[antlr-interest] Lexer bug? (with test cases!)

Jim Idle jimi at temporal-wave.com
Wed Oct 24 09:12:59 PDT 2007



> -----Original Message-----
> From: antlr-interest-bounces at antlr.org [mailto:antlr-interest-
> bounces at antlr.org] On Behalf Of Austin Hastings
> Sent: Wednesday, October 24, 2007 4:44 AM
> To: Terence Parr
> Cc: antlr-interest at antlr.org
> Subject: Re: [antlr-interest] Lexer bug? (with test cases!)
> 
> Terence Parr wrote:
> >
> > It appears it's not backtracking because only 1 extra char is enough,
> > but it cannot be statically determined if we assume any char can
> > follow.  I think you could make the subrule more complicated and it
> > would require 2 extra then 3 then 4 etc...
> 
> I think that inserting a catch{} block for optional subrules would go a
> long way toward eliminating this particular aspect of the problem. When
> you don't match correctly, throw an exception, catch it, and reset. The
> consumption of the input becomes temporary until the token completes,
> but that's straightforward.

Remember that not all the target languages have exceptions and that
exceptions are tediously slow as they are meant to be used for actual
exception conditions, not ways of programming your way out of algorithmic
paths. It seems that not too many people are aware of this, and it is
perhaps because the term exception implies that you can make your own
algorithmic exceptions I guess. 

Apart from this, as the lexer will generally be the biggest consumer of your
CPU resources, other than what you potentially can do in your actions, it is
worth thinking it through and not just letting the tool spit out a morass of
code that will seemingly do the job for you but will be throwing exceptions
all over the place and running like a dog. Most people want/need efficient
recognizers :-)

> >> >Remember folks: you can't just list a bunch of lexer rules that
> >> >make sense to a human and expect ANTLR to "make it so".
> >>
> >> Why not?  This case seems fairly straightforward.
> >
> > Not to me and I spent 4 years making LL(*) work. ;)
> 
> The original question was regarding Number = DIGIT+ ('.' DIGIT+)? and
> how LL(*) was deciding that '.' implied the entire chain, when it
> didn't. Perhaps another year would help, but I don't see how this
> counts
> as working.

Ter is saying that it is behaving as he expects it to for this case. One's
definition of working may of course differ from his ;-), but it is not
broken, it works as he expects it to. Personally, as I can trivially express
such a case in an ANTLR lexer, and the resulting code is more maintainable
(because I do not have to imagine the implied interactions), I don't worry
about it. It seems trite. While some things might be more 'naturally'
expressed in say {f}lex, many other things are horrible. Even in this we
probably all differ, because what seems natural to one does not to another -
the idea of throwing together some lexer rules and having ANTLR just work it
out has appeal but doesn't seem natural to me!

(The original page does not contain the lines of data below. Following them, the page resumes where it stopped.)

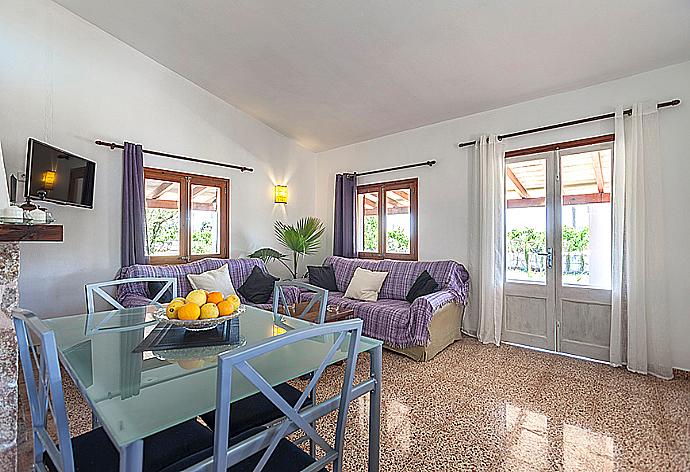 Living and dining area with WiFi, TV, DVD player and terrace access . - Villa Dionis . (Photo Gallery) }}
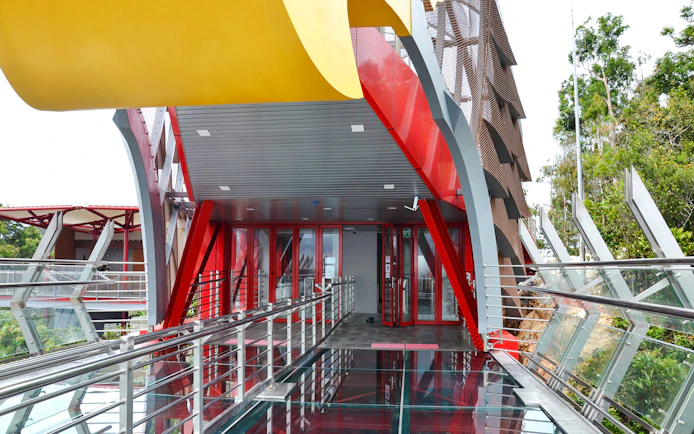Langkawi Skywalk entrance with glass floor and red steel beams.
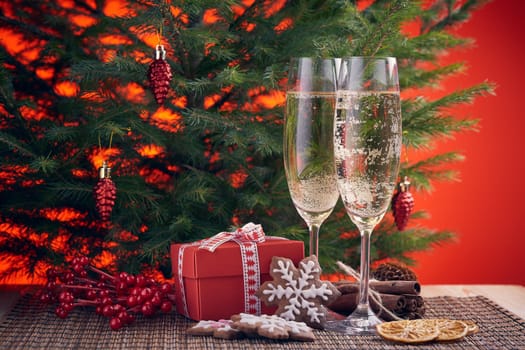 Two glasses with champange, fir tree, gift boxes and christmas ginger cookies on a red background. New year and Christmas.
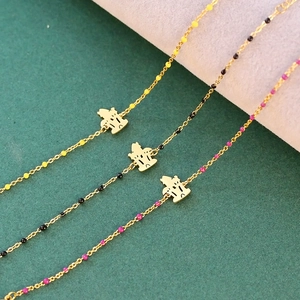 Close-up of golden crown bracelets with colorful yellow, black, and pink beads detail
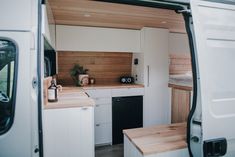 the interior of a camper van with wood paneling on the walls and floor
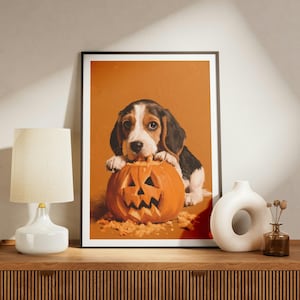 May include: A framed wall art print featuring a painting of a beagle puppy with black, white, and brown fur resting its paws on a carved orange jack-o'-lantern pumpkin. The background of the artwork is a solid, warm orange colour.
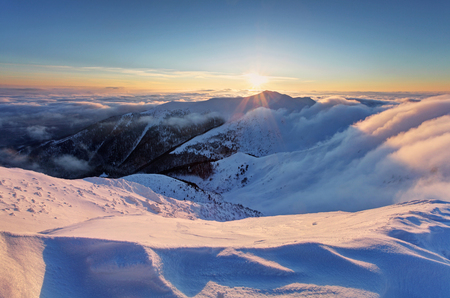 Winter sunset over the clouds.の写真素材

However, there is nothing to stop anyone programming their lexer in {f}lex,
or any other system for that matter, and supplying the token stream that way
of course! There may well be cases where a lex like specification is easier
for your particular situation. You can find references on the Wiki that show
this to have been one of Ter's thoughts up front, though I imagine he was
thinking more of hand crafted lexers that had to do strange things to
tokenize, rather than a different lexer generator per se.

> 
> present-day case.
> 
> Besides, isn't that what backtrack=... is for? :-) Maybe there's a
> lexer::backtrack switch needed? Or maybe k needs to be * instead of 1.

The backtrack option is for the parser, and while I can see its usefulness
for prototyping, I personally believe many that are new to ANTLR are getting
themselves into a lot of trouble with this option ;-)

> 
> 
> > Have you built a lex like creature before?  I have back in 1988.  I
> > believe I'm remembering how it operates correctly.
> >
> I don't think it matters, does it? You're in the recursive-descent
> business, not the state-machine business. You sell chicken, they sell
> hamburgers.

Yeah except that some people keep saying things akin to "Lex does it like
this...", hence Ter is establishing that he understands how lex like systems
are put together, and the way that ANLTR produces lexers is not down to some
lack of knowledge on his part about other ways of constructing lexer
generators, which I think most people would have to agree with.